### ASSIGNMENT
What are the lines from the top of the entries below through the line containing "Over time, as"? Return them exactly, both ends included, without the pictures.

### MATERIAL FOR THIS EXERCISE
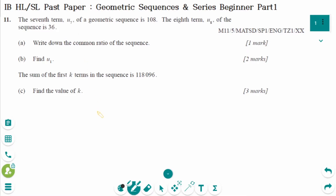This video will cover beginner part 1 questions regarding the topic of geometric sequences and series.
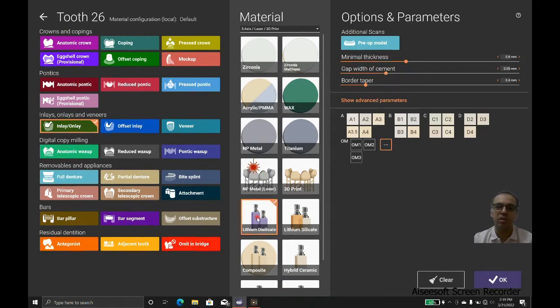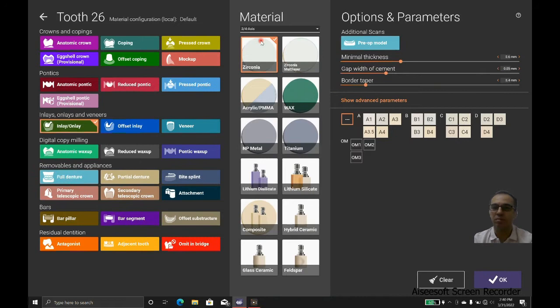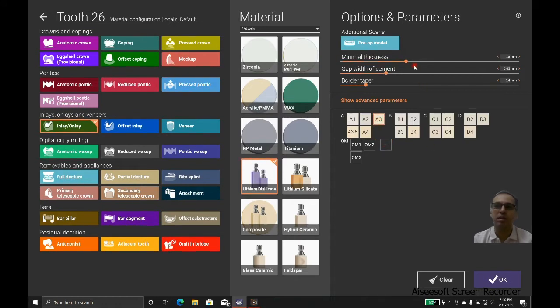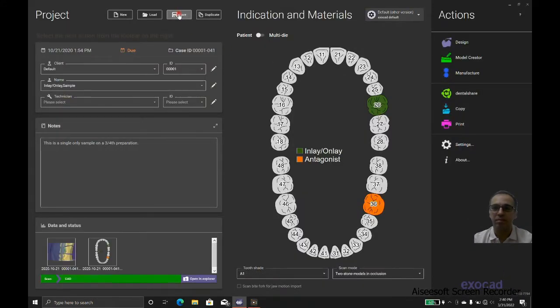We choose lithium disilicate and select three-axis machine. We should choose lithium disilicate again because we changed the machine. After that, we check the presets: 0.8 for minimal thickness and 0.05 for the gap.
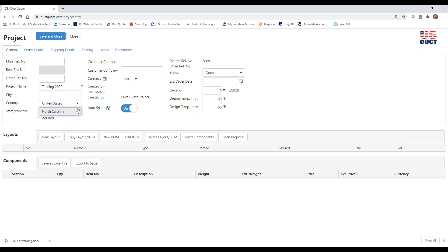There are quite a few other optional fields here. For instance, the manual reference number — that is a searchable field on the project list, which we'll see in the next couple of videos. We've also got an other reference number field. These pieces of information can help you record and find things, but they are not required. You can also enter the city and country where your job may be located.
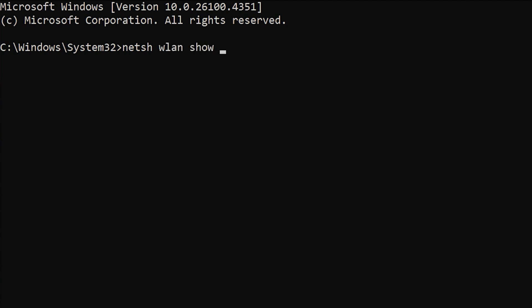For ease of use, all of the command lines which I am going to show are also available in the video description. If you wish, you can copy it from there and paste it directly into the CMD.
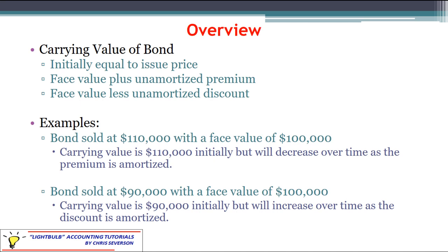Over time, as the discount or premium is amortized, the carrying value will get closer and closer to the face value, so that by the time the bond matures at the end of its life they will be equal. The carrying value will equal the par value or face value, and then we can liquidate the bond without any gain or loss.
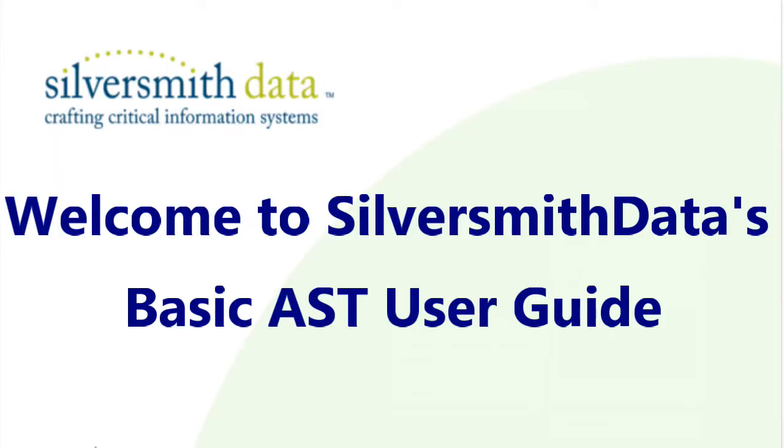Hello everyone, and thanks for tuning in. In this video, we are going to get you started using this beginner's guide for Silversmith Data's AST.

### YOUR SOLUTION
This video will cover beginner part 1 questions regarding the topic of geometric sequences and series.
We choose lithium disilicate and select three-axis machine. We should choose lithium disilicate again because we changed the machine. After that, we check the presets: 0.8 for minimal thickness and 0.05 for the gap.
There are quite a few other optional fields here. For instance, the manual reference number — that is a searchable field on the project list, which we'll see in the next couple of videos. We've also got an other reference number field. These pieces of information can help you record and find things, but they are not required. You can also enter the city and country where your job may be located.
For ease of use, all of the command lines which I am going to show are also available in the video description. If you wish, you can copy it from there and paste it directly into the CMD.
Over time, as the discount or premium is amortized, the carrying value will get closer and closer to the face value, so that by the time the bond matures at the end of its life they will be equal. The carrying value will equal the par value or face value, and then we can liquidate the bond without any gain or loss.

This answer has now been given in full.